The records need to be set down again exactly as they appear.

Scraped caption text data
=== Begin Enclosure ===

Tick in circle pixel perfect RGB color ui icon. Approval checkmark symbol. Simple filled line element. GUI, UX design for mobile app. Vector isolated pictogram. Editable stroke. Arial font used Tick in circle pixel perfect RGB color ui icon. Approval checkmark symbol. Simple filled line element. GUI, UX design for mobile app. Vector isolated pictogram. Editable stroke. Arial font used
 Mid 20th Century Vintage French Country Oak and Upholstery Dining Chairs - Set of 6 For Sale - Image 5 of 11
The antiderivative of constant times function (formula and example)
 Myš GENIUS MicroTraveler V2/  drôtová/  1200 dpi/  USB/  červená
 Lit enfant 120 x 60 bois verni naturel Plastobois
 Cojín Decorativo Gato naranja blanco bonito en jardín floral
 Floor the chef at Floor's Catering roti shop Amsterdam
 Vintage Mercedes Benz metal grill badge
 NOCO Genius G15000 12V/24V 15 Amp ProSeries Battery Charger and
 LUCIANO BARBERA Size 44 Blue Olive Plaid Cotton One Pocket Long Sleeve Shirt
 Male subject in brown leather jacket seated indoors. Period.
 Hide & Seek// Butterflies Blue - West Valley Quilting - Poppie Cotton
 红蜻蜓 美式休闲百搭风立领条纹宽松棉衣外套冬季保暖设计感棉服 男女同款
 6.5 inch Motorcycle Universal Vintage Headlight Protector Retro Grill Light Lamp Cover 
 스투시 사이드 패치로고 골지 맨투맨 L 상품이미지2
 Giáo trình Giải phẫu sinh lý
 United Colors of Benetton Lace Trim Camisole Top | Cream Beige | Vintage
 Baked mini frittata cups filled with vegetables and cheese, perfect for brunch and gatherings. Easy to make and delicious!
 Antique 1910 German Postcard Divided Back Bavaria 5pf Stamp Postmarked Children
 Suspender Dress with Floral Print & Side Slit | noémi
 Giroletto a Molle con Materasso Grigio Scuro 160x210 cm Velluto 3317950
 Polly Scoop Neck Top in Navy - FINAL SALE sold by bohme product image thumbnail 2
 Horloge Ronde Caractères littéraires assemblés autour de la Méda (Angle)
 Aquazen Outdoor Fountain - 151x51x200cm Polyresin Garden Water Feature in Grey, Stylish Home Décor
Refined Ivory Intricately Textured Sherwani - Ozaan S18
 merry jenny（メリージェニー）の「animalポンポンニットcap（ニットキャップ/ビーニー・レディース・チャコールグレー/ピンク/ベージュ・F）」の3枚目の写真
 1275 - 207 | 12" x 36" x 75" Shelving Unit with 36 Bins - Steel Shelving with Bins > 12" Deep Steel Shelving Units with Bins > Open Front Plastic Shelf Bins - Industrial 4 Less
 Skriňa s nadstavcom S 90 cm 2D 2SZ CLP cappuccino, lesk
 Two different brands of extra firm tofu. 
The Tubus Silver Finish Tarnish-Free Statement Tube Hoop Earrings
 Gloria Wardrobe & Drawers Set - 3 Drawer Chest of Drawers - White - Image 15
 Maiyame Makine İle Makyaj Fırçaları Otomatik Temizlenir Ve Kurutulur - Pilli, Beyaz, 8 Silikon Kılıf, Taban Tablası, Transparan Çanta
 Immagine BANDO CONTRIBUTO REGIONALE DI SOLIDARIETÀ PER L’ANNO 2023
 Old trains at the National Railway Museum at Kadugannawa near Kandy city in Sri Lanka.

=== End Enclosure ===

Exercise solution:
Tick in circle pixel perfect RGB color ui icon. Approval checkmark symbol. Simple filled line element. GUI, UX design for mobile app. Vector isolated pictogram. Editable stroke. Arial font used Tick in circle pixel perfect RGB color ui icon. Approval checkmark symbol. Simple filled line element. GUI, UX design for mobile app. Vector isolated pictogram. Editable stroke. Arial font used
 Mid 20th Century Vintage French Country Oak and Upholstery Dining Chairs - Set of 6 For Sale - Image 5 of 11
The antiderivative of constant times function (formula and example)
 Myš GENIUS MicroTraveler V2/  drôtová/  1200 dpi/  USB/  červená
 Lit enfant 120 x 60 bois verni naturel Plastobois
 Cojín Decorativo Gato naranja blanco bonito en jardín floral
 Floor the chef at Floor's Catering roti shop Amsterdam
 Vintage Mercedes Benz metal grill badge
 NOCO Genius G15000 12V/24V 15 Amp ProSeries Battery Charger and
 LUCIANO BARBERA Size 44 Blue Olive Plaid Cotton One Pocket Long Sleeve Shirt
 Male subject in brown leather jacket seated indoors. Period.
 Hide & Seek// Butterflies Blue - West Valley Quilting - Poppie Cotton
 红蜻蜓 美式休闲百搭风立领条纹宽松棉衣外套冬季保暖设计感棉服 男女同款
 6.5 inch Motorcycle Universal Vintage Headlight Protector Retro Grill Light Lamp Cover 
 스투시 사이드 패치로고 골지 맨투맨 L 상품이미지2
 Giáo trình Giải phẫu sinh lý
 United Colors of Benetton Lace Trim Camisole Top | Cream Beige | Vintage
 Baked mini frittata cups filled with vegetables and cheese, perfect for brunch and gatherings. Easy to make and delicious!
 Antique 1910 German Postcard Divided Back Bavaria 5pf Stamp Postmarked Children
 Suspender Dress with Floral Print & Side Slit | noémi
 Giroletto a Molle con Materasso Grigio Scuro 160x210 cm Velluto 3317950
 Polly Scoop Neck Top in Navy - FINAL SALE sold by bohme product image thumbnail 2
 Horloge Ronde Caractères littéraires assemblés autour de la Méda (Angle)
 Aquazen Outdoor Fountain - 151x51x200cm Polyresin Garden Water Feature in Grey, Stylish Home Décor
Refined Ivory Intricately Textured Sherwani - Ozaan S18
 merry jenny（メリージェニー）の「animalポンポンニットcap（ニットキャップ/ビーニー・レディース・チャコールグレー/ピンク/ベージュ・F）」の3枚目の写真
 1275 - 207 | 12" x 36" x 75" Shelving Unit with 36 Bins - Steel Shelving with Bins > 12" Deep Steel Shelving Units with Bins > Open Front Plastic Shelf Bins - Industrial 4 Less
 Skriňa s nadstavcom S 90 cm 2D 2SZ CLP cappuccino, lesk
 Two different brands of extra firm tofu. 
The Tubus Silver Finish Tarnish-Free Statement Tube Hoop Earrings
 Gloria Wardrobe & Drawers Set - 3 Drawer Chest of Drawers - White - Image 15
 Maiyame Makine İle Makyaj Fırçaları Otomatik Temizlenir Ve Kurutulur - Pilli, Beyaz, 8 Silikon Kılıf, Taban Tablası, Transparan Çanta
 Immagine BANDO CONTRIBUTO REGIONALE DI SOLIDARIETÀ PER L’ANNO 2023
 Old trains at the National Railway Museum at Kadugannawa near Kandy city in Sri Lanka.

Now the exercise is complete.